Wah rasanya sudah lama nih belum posting.. Maaf yaaa sooob hehehe.. Dua minggu
terakhir, kerjaan saya cukup banyak dan sangat melelahkan.. Yap, syukurlah hari
ini saya akan menulis kembali dan membagikan secuil pengetahuan saya..
Oke deh
sooob, setelah sebelumnya kita membahas seputar analisis Vector Auto Regression yang sudah dirilis sampai Part II, maka
sesuai janji saya kemarin, kali ini akan saya hadirkan postingan terakhir part
III Seperti yang kita tahu, penelitian kita menggunakan pendekatan analisis VAR
dalam menjelaskan hubungan antara tingkat suku bunga dan inflasi terhadap
volatilitas nilai tukar di Indonesia.
Yaaap
pertama saya akan hadirkan dulu model VAR yang akan daijukan dalam postingan
sebelumnya di Part II.. Nah, sobat bisa coba cek disini yaa hehehe..
MODEL
YANG DIAJUKAN (DENGAN VARIABEL YANG SIGNIFIKAN)
dINF =
2.26888dKURS(-3) – 2.60041dINF(-5)
– 2.20406dINF(-6)
dKURS= -2.64767 + 2.43173dKURS(-3) – 2.71987dINF(-4)

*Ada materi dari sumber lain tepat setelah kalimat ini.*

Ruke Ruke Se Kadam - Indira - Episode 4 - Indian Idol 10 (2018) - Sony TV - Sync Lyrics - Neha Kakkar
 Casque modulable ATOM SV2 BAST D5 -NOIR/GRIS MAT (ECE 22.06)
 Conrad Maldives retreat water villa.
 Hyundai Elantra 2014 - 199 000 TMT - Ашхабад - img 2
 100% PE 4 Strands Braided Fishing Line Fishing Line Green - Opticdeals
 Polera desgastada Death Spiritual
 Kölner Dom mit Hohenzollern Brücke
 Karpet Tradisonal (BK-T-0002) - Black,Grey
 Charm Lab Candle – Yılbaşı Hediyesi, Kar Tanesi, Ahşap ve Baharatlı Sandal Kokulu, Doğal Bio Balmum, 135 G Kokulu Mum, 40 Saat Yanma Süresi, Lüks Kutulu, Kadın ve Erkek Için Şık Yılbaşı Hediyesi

– 2.33354dINF(-5) – 2.39936dINF(-6)
dRATE =
2.88239dKURS(-3) + 2.09427dINF(-2)
+ 4.25194dRATE(-1)
Nah,
model di atas adalah model VAR yang kita ajukan. Oleh karena dari hasil uji
stasioneritas/uji unit root, kita mendapatkan bahwa ada sebuah variabel yang
stasioner pada level sedangkan dua variabel lainnya stasioner pada differens
pertama maka kita akan mengajukan model analisis VAR dalam differens (VAR in difference).
INTEPRETASI
MODEL
Seperti yang saya
sudah pernah singgung pada pembahasan sebelumnya, bahwa VAR ini hanya sebuah
pendekatan dan tidak diperlengkapi dengan analisis hubungan jangka panjang
(kointegrasi), maka model VAR kurang tepat jika dipergunakan sebagai model
pengkonfirmasi (confirmatory model)
untuk membuat kebijakan-kebijakan di masa mendatang. Interpretasi model VAR
bukan menjadi fokus utama dalam penggunaan pendekatan model VAR untuk sebuah
penelitian yang sifatnya hanya ingin melihat hubungan (bukan pengaruh). Lantas,
yang nanti menjadi fokus utama dalam VAR adalah analisis hasil dari Impulse Response Function dan Variance Decompositionnya.
Tapi, untuk
sekedar interpretasi model VAR yang kita ajukan, okee deh saya akan berikan
bagaimana cara mengintepretasikannya.
dINF = 2,26888dKURS(-3) – 2,60041dINF(-5) – 2,20406dINF(-6)
Apabila perubahan kurs
tiga bulan lalu meningkat
sebesar satu rupiah per dolar AS, akan
menyebabkan perubahan inflasi bulan ini meningkat sebesar 2,26888 persen
Apabila perubahan inflasi lima bulan lalu meningkat sebesar satu persen, akan
menyebabkan perubahan inflasi bulan ini menurun sebesar 2,60041 persen
Apabila perubahan inflasi lima bulan lalu meningkat sebesar satu persen, akan menyebabkan perubahan
inflasi bulan ini menurun sebesar 2,20406 persen
dKURS=-2,64767+2.43173dEXC(-3)–2,71987dINF(-4)–2,33354dINF(-5)– 2,39936dINF(-6)
Apabila perubahan kurs
tiga bulan lalu meningkat
sebesar satu rupiah per dolar AS, akan
menyebabkan perubahan kurs
bulan ini meningkat sebesar 2,64767 rupiah per dolar AS
Apabila perubahan inflasi empat bulan lalu meningkat sebesar satu persen, akan menyebabkan perubahan kurs bulan ini menurun sebesar 2,71987 rupiah per dolar AS
Apabila perubahan inflasi empat bulan lalu meningkat sebesar satu persen, akan menyebabkan perubahan kurs bulan ini menurun sebesar 2,71987 rupiah per dolar AS
Apabila perubahan inflasi lima bulan lalu meningkat sebesar satu persen, akan menyebabkan perubahan
kurs bulan ini menurun sebesar 2,33354 rupiah per dolar AS
Apabila perubahan inflasi enam bulan lalu meningkat sebesar satu persen, akan menyebabkan perubahan
kurs bulan ini menurun sebesar 2,39936 rupiah per dolar AS
dRATE
= 2,88239dKURS(-3) + 2,09427dINF(-2) + 4,25194dRATE(-1)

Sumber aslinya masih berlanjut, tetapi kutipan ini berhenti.